Сны Тома Сойера
Шрифт:
Мир как будто бы сошел с ума: всюду начали строиться механические мастерские, производящие автомобили, с каждым годом они становились все легче и быстрее, в довершение всего, тяжеловозы фирмы «Стальной конь» заболели ящуром и умерли… И тут нагрянули рэкетиры из Чикаго, требующие возвращения кредита.
То, что осталось от фирмы, удалось сбыть по дешевке, Чук купил себе заброшенную хижину на окраине города и вместе с потрясенной Ребеккой перебрался туда, а Гек, не обремененный семьей, подался искать счастья на Аляску.
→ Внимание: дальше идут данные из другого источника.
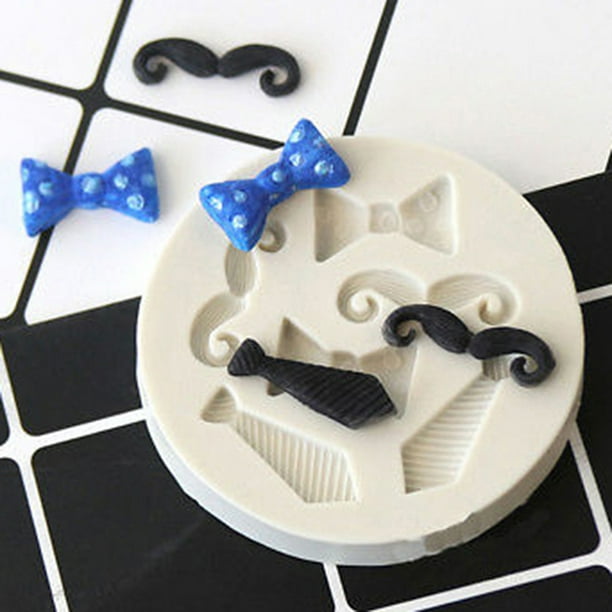 Silicone Beards Mustache Bow Tie Fondant Mould Cake Sugarcraft Chocolate Mol/_wk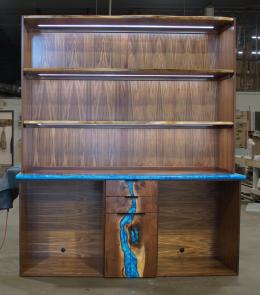 Walnut Wine Cabinet With Live Edge Shelves & Epoxy Wate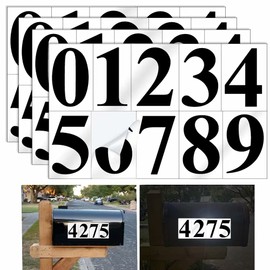 Diggoo 4 Sets Reflective Black Mailbox Numbers Sticker Decal Die Cut Elegant Style Vinyl Number 4" Self Adhesive for Mailbox, Signs, Window, Door, Cars, Trucks, Home, Business, Address Number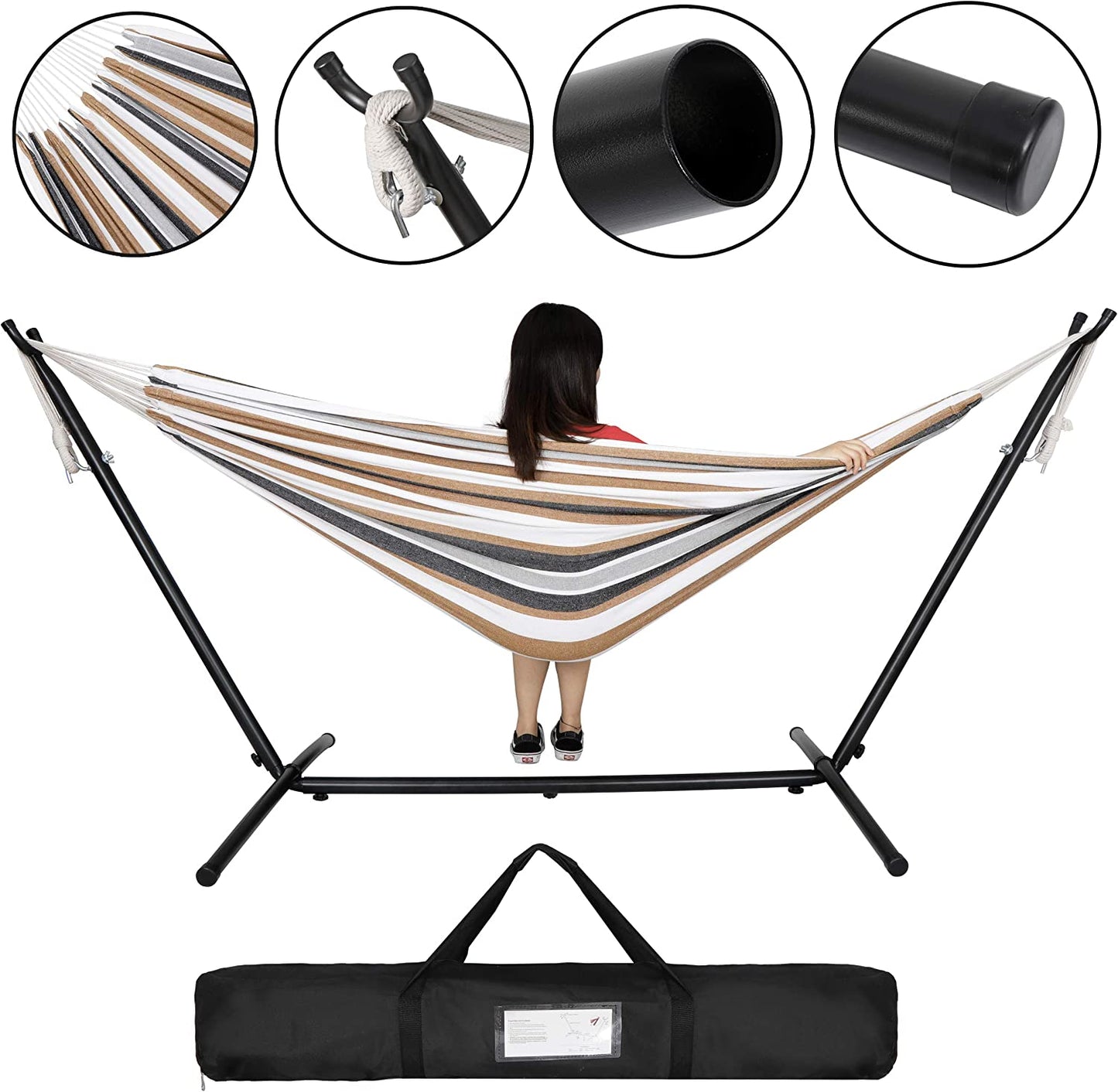 Double Hammock with Stand 2 Person Heavy Duty Steel 9ft Hammock Stand Portable Carrying Bag for Indoor Outdoor Bedroom,Desert Stripes
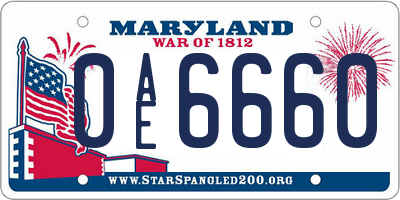 MD license plate 0AE6660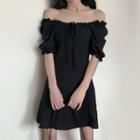 Short-sleeve Off Shoulder Mini A-line Dress Black - One Size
Чук был полностью деморализован: ему постоянно снился сундучок индейца Джо, и он никак не мог взять в толк, просыпаясь, куда делись его деньги. Он стал сильно налегать на
Однажды Том (после отъезда Гека его уже никто не называл Чуком) хлебнул не только лишку, но и хлебнул какого-то фальшивого, у цыган по дешевке взятого виски. Его еле откачали тогда, и, хотя сама жизнь была спасена, ноги так и остались неподвижны, навсегда подружившись теперь с креслом-качалкой, с креслом-каталкой…
— Ты кого ищешь, коза? — спросило кресло-каталка, подкатив к креслу-качалке.
— Тебя, — застенчиво отвечало кресло-качалка.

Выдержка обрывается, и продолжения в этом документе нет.